Experiments focused on synthetic data and medium-scale SDPLIB. In large-scale SDPs (e.g., \(n>10^4\) in combinatorial relaxations), the memory cost of VC-2-FWL (\(O(n^2)\) node pairs) explodes, and scalable implementations are not yet provided.
Sufficiency proofs are restricted to "linear SDPs with a unique minimum-norm optimal solution," leaving non-unique solution sets, degenerate solutions, and semi-infinite SDPs unaddressed.
Warm-start gains are dependent on PDHG as the downstream solver; compatibility with more precise solvers like IPM or ADMM remains to be verified.

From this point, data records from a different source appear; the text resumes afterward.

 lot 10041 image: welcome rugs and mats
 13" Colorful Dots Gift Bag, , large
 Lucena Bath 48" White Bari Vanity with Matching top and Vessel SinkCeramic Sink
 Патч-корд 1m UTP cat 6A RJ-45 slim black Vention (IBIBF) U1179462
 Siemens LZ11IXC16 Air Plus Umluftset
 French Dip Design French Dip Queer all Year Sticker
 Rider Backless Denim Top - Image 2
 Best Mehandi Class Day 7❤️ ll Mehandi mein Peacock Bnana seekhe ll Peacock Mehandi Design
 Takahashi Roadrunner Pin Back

Future directions: Sparsification or subgraph sampling to make VC-2-FWL scalable; extending analysis to second-order cone or mixed-integer SDPs; integration with modern low-rank SDP algorithms.

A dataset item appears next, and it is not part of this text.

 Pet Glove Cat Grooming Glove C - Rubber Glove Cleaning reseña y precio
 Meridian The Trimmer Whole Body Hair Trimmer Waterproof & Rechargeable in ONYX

vs. Qian et al. (PDHG-GNN for LP): While they proved 1-WL GNNs are sufficient to simulate PDHG for LP, this work proves SDP requires a shift to 2-FWL, revealing a correspondence between "cone dimension" and "WL hierarchy."
vs. Yau et al. (GNN for low-rank SDP relaxation of Max-CSP): While they analyzed GNNs as approximation algorithms for CSP, this work targets general linear SDPs directly to study whether GNNs can recover the optimal matrix solution.
vs. Chen et al. (GNN for QP / SOCP Expressiveness): This work continues the research line of "WL Hierarchy \(\leftrightarrow\) Convex Optimization Solution Recovery," placing SDP precisely on the expressive power map.

Rating¶

Novelty: ⭐⭐⭐⭐⭐ First to link SDP solution recovery to the WL hierarchy.
Experimental Thoroughness: ⭐⭐⭐⭐ Covered synthetic and SDPLIB, though lacking ultra-large-scale and multi-solver comparisons.
Writing Quality: ⭐⭐⭐⭐ Theory is clear; warm-start engineering details could be more substantial.
Value: ⭐⭐⭐⭐ A landmark for the "Neural Convex Optimization" theoretical community; industrial deployment requires scaling.